PUTNEY — An open letter to Sens. Patrick Leahy and Bernie Sanders and Rep. Peter Welch:

I'm listening to the testimony of Capitol and other D.C. police officers as they share the trauma of Jan. 6, as I grieve for them and for our country.

It is so painful but so true to hear what happened. It may surprise and horrify many of us, but is probably less surprising to people of color, many of whom have experienced abuse on a regular basis.

Several years ago, as part of the work we have been doing in our Quaker meeting (Putney Friends Meeting), we watched a video of a workshop with white people and people of color.

One phrase in that exchange of experiences and feelings has stuck in my gut and keeps coming back to me. One man of color was sharing with and listening to a white woman as she admitted how difficult and frightening it was for her to look at her feelings and how hard it was to act responsibly.

His response was empathetic and clear. All he said was, “Welcome to the pain.”

I hope and pray that we as a culture are finally reaching a point where we can stand up and respond to the racism that is so engrained in our society.

Whether we live in communities that are majority people of color or in places like Vermont where there are relatively few, we all need to know the truth, to stand in the reality of how divided and abusive our country has always been and continues to be.

Here in Vermont, we have the same violence, hatred, ignorance, and denial. There may be less of it, but it is still here, and it impacts us all - not just the few friends, neighbors, and colleagues who are Black, Brown, Indigenous, Latino, immigrant, or other non-white persons.

Because there are more of us who are white, it is even more important for us to take responsibility, and to not hide from the reality of the society in which we live.

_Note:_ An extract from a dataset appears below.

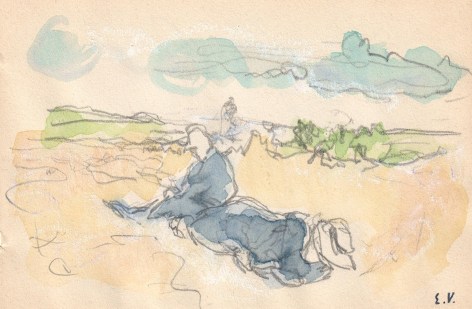 Sur la plage en Normandie, &agrave; Vasouy, 1901    . Watercolor and pastel highlight on pencil, on paper 3 3/4 x 5 11/16 in.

Let's not pretend the injustice doesn't affect us. We are all hurt by this behavior, by the hatred, the fear, and the anger.

Our children will not benefit from being taught that the oppression does not exist. They need the knowledge and the skills to turn it around.

Those of us who are white have lived in the privileged environment where we may think this is easy, where we just have to be good and nice. It's not easy, and we can't just be nice and think the problems will go away.

Thank you for all you do to try to make the U.S.A. what I believe we all want it to be: a compassionate, welcoming place for everyone.

Let's keep working together. There's a lot to do.